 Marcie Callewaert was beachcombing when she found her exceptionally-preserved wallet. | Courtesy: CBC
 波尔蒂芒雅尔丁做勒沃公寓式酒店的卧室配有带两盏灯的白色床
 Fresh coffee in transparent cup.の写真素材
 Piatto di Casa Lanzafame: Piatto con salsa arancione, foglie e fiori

* * *

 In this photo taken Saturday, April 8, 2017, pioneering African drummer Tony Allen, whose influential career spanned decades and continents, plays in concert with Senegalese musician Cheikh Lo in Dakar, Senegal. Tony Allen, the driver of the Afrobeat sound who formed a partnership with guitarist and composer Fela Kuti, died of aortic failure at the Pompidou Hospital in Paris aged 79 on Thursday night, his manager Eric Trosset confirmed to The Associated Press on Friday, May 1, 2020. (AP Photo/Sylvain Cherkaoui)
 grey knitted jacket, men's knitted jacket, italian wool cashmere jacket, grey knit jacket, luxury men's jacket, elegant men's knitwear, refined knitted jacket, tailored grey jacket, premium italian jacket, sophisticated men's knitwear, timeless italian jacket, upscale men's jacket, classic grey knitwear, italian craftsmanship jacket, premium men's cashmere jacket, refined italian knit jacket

**GOAL OF THE EXERCISE:** Produce a word-for-word copy of everything above from the line holding "Fresh coffee in transparent cup.の写真素材" down to the line holding "Piatto di Casa", with both of those lines kept.

**FINISHED TASK:**
 Fresh coffee in transparent cup.の写真素材
 Piatto di Casa Lanzafame: Piatto con salsa arancione, foglie e fiori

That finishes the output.